Other researchers looked to mainstream psychological methodology to investigate the cognitive domain. In 1966, for example, Thomas Saarinen published an account of his doctoral research on the behavior of farmers in the drought prone Great Plains region of the USA. Using personality measures such as the Thematic Apperception Test as part of his methodology, he found from their responses that successes were recalled more frequently than failures. Farmers consistently underestimated the frequency of years when drought was experienced and were optimistic about the number of good years and about the size of crops in such years. Perceptions of the drought hazard were also influenced by age and previous experience, especially whether farmers remembered the drought conditions of the 'dusty thirties' (the years of the formation of the Dust Bowl).

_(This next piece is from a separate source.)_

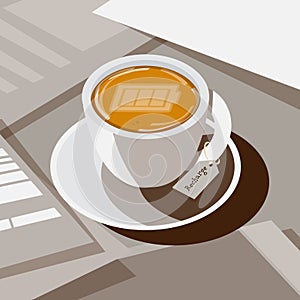 Coffee with full battery as latte art on top, recharge or refresh coffee concept - vector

Collectively, these early studies indicated that the emerging field of research served as both a corrective and a catalyst. As the former, it countered the dominant thrust of spatial science by embracing such considerations as learning, imperfect information, and bounded rationality in order to improve the diagnostic and predictive power of locational models. As a catalyst, behavioral geography quickly moved beyond being an adjunct to spatial scientific inquiry to become a channel for work that expanded research horizons and reconceptualized the relationships between people and their environments in quite different ways from those conventional in geographical discourse. Benefiting from the breadth of perspectives available from its two component intellectual streams, behavioral geography became a wide ranging field that revealed a notable flowering of creativity, with almost any scale of cognitivebehavioral problem, from the interior spaces of buildings to understandings of the cosmos, becoming of interest to geographers.